Step 6 - Scanning with ACS

June 28, 2023 - Thomas Jungbauer ( Lastmod: 2024-05-08 ) - 8 min read

In this step we will install Advanced Cluster Security (ACS) and create 2 new steps in our Pipeline to scan the image for vulnerabilities and security policy. A custom security policy, configured in ACS, will verify if the image is signed.

Goals

The goals of this step are:

Install ACS.
Create a custom security policy into ACS.
Configure CoSign integration in ACS.
Create a step in the Pipeline to perform an image scan (vulnerabilities).
Create a step in the Pipeline to perform an image check (security policies).

Install Advanced Cluster Security (ACS)

We will install ACS on our cluster which will be called local-cluster inside ACS.

The deployment will happen via Argo CD (OpenShift GitOps) that will use the following Helm Chart: RHACS

The Argo CD Application will trigger the deployment which will take several minutes.

The deployment will install a minimal version of ACS and tries to limit the required resources and replicas. For production environments, you probably want to increase the settings.

apiVersion: argoproj.io/v1alpha1
kind: Application
metadata:
  name: in-cluster-init-rhacs
  namespace: openshift-gitops
spec:
  destination:
    namespace: default
    server: 'https://kubernetes.default.svc' (1)
  info:
    - name: Description
      value: >-
        Initialize Red Hat Advanced Cluster Security and deploy Central and
        SecuredCluster
  project: in-cluster
  source:
    path: charts/rhacs-full-stack (2)
    repoURL: 'https://github.com/tjungbauer/helm-charts' (3)
    targetRevision: main

1	Installing on the local cluster.
2	Path to the Helm chart.
3	URL to the Helm chart repository.

Figure 1. Syncing ACS Deployment Application

This GitOps Application will start a full-stack ACS deployment. It does (in this exact order):

Installs the ACS Operator into rhacs-operator
Verifies if the Operator is ready
Creates the Namespace stackrox
Adds a ConsoleLink in the upper right action menu of OpenShift
Figure 2. ACS ConsoleLink
Creates the Central custom resource with minimum resources
Creates an init-bundle to add the first (local) cluster
Adds the custom resource SecureCluster to install the rest of the ACS components
And finally, runs a basic configuration that enables authentication via OpenShift and provides the kubeadmin user admin privileges. This can be disabled in the values file if you prefer not to configure this, or if kubeadmin does not exist anymore in your cluster.

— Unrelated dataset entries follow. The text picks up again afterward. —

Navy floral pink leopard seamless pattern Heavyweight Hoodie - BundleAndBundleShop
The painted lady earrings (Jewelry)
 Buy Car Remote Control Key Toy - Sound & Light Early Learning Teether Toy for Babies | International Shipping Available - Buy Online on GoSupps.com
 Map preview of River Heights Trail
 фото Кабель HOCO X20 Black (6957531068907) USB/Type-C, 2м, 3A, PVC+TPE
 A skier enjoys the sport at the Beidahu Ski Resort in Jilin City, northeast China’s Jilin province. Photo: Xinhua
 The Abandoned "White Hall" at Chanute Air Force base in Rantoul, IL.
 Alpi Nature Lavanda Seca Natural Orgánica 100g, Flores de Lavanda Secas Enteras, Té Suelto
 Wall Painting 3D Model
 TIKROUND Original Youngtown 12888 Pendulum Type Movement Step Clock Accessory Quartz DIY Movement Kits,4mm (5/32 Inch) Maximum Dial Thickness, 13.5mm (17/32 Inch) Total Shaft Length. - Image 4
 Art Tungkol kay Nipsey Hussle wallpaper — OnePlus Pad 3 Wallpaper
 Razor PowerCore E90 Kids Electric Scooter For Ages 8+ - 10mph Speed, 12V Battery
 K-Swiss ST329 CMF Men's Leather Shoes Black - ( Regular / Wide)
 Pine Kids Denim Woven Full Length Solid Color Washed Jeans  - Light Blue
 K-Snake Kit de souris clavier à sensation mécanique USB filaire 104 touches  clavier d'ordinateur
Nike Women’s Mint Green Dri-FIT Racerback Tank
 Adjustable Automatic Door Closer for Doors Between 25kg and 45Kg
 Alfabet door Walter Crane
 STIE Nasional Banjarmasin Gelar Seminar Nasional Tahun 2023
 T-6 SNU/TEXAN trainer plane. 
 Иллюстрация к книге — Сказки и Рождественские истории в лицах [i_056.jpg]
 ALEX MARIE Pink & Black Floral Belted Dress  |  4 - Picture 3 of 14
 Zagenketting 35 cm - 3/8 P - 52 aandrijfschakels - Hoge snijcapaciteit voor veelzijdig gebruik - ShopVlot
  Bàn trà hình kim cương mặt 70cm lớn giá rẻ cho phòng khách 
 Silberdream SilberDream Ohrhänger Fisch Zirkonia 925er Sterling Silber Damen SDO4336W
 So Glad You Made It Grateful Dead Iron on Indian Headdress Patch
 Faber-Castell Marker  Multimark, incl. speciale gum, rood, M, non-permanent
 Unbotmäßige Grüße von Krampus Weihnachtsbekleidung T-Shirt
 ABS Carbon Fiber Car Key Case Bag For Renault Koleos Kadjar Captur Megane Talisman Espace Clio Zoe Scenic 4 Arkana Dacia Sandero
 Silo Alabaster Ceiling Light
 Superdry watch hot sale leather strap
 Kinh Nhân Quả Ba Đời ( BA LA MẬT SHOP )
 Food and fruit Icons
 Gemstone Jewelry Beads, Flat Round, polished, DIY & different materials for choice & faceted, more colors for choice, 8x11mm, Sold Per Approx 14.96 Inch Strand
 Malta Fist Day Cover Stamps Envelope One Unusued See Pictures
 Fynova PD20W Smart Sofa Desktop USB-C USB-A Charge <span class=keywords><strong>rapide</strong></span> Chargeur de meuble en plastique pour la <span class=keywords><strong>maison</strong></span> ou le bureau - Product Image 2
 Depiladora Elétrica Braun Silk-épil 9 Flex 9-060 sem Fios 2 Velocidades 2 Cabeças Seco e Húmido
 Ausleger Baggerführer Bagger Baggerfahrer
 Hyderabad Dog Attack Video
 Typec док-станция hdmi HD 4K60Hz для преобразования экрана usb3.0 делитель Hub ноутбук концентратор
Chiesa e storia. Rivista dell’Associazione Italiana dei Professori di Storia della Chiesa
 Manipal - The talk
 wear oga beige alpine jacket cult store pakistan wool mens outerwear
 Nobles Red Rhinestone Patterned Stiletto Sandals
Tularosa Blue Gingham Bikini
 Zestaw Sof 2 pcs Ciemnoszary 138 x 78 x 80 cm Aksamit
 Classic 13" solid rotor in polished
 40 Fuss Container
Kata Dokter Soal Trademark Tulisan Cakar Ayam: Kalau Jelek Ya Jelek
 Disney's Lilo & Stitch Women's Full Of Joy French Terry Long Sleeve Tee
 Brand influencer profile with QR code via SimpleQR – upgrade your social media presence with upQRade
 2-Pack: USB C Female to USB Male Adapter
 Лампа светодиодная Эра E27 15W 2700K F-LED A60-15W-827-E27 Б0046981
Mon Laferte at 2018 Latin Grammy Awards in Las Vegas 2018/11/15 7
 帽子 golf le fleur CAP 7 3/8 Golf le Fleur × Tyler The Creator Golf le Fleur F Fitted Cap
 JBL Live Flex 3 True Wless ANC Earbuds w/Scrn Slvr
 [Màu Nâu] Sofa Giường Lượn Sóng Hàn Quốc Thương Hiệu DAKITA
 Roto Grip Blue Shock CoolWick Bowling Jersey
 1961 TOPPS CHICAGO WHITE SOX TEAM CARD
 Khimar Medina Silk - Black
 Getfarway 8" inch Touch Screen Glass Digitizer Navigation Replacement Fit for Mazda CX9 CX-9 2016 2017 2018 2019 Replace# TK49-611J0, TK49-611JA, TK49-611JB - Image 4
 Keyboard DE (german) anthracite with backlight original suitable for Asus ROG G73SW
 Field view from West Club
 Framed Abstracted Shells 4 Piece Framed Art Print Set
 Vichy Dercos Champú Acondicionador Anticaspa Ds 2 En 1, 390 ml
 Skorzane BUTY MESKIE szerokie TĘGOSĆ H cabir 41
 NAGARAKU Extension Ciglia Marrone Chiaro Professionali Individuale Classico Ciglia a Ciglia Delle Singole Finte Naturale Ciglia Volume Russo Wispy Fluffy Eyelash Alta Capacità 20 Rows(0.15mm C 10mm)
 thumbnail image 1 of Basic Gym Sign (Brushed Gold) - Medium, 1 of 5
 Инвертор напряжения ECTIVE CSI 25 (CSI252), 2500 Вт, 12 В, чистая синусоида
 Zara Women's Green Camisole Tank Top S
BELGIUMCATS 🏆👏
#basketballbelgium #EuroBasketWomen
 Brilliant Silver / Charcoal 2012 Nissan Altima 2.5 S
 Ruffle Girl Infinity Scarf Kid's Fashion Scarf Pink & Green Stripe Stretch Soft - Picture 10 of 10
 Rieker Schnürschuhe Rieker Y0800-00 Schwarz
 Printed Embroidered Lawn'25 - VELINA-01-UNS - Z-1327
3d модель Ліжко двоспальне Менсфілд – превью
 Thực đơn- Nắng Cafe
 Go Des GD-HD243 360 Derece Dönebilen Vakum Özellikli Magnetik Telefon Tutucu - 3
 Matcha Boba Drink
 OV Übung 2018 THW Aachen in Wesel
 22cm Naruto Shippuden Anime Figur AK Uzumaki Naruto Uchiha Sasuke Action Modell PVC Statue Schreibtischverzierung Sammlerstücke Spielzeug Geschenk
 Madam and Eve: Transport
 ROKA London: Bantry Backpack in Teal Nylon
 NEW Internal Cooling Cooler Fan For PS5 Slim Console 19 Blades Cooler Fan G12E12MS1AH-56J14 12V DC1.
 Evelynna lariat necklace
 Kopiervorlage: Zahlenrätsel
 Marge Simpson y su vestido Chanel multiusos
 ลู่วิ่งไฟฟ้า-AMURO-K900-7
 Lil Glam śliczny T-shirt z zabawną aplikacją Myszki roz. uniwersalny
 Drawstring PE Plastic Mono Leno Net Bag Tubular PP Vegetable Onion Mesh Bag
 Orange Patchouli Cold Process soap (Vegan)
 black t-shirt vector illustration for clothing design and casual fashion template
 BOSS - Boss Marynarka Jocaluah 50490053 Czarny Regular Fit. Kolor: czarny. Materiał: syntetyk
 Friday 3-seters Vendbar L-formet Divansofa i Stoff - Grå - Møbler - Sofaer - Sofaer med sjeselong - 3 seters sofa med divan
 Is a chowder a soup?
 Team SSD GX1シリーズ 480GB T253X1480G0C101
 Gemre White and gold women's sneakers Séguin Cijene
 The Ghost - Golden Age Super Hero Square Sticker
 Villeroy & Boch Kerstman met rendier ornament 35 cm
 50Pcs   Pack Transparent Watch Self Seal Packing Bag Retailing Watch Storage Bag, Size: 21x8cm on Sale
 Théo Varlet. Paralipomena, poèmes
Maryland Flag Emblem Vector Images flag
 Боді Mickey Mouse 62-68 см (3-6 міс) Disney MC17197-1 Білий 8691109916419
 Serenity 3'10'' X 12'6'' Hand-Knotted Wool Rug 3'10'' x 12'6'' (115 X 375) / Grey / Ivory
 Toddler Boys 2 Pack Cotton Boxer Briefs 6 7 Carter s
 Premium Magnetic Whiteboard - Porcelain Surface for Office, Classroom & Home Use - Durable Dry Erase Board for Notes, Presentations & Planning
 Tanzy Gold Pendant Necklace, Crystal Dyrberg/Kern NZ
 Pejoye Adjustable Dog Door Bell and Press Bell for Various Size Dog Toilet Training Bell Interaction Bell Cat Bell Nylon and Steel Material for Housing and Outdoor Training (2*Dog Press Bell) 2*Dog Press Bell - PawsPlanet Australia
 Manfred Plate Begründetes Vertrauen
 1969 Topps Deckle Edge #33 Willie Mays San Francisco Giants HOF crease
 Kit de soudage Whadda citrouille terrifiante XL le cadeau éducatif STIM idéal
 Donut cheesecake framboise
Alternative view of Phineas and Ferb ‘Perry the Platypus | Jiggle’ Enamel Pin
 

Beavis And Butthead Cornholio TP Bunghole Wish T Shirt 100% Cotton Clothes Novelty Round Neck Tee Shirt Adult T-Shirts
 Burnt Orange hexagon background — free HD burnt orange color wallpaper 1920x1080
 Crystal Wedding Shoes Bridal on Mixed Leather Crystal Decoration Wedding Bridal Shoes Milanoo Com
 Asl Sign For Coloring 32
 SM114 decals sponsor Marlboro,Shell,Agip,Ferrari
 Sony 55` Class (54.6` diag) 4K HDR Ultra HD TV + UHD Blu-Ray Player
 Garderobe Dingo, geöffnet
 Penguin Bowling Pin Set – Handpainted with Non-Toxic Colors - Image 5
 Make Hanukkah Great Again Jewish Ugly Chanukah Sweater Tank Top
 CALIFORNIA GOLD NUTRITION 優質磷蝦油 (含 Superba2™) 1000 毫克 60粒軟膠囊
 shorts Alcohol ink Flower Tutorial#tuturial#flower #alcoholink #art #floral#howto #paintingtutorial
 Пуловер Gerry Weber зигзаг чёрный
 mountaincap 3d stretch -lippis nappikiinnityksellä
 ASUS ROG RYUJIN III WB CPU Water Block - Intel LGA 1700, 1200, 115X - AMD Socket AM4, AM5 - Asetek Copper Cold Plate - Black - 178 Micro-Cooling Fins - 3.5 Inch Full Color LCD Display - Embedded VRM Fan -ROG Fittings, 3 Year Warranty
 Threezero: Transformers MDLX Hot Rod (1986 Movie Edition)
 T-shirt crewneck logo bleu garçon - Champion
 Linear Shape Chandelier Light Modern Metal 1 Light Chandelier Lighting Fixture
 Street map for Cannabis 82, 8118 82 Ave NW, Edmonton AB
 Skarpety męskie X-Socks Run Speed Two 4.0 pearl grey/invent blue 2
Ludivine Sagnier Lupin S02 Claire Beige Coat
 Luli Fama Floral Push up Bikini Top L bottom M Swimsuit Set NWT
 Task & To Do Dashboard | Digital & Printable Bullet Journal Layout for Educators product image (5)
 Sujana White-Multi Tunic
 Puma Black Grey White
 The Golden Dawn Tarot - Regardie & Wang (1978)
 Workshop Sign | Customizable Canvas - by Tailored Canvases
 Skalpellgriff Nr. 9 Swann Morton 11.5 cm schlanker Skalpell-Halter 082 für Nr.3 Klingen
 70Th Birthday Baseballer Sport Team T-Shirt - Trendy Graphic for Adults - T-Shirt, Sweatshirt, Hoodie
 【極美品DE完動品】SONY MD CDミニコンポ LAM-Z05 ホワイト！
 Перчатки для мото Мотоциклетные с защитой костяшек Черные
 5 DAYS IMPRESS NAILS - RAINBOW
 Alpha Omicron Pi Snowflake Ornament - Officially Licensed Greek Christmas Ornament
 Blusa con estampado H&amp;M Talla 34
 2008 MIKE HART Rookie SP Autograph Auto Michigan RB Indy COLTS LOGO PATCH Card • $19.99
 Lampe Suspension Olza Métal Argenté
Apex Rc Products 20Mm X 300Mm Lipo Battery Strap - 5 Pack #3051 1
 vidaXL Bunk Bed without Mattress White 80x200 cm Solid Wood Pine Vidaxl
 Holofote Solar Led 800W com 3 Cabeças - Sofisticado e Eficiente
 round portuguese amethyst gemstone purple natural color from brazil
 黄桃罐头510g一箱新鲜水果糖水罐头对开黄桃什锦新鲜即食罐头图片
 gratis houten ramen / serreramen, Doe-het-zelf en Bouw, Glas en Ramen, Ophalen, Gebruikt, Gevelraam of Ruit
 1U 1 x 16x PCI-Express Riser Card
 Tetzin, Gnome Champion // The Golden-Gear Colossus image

The whole process will take a while and uses syncwaves and hooks.

Configure ACS Integration

Generate Authentication Token

Create an authentication Token in ACS
Go to "Platform Configuration > Integrations > API Token"
Figure 3. ACS Generate Token
Generate a new Token with at least Continuous Integration privileges and save the created Token.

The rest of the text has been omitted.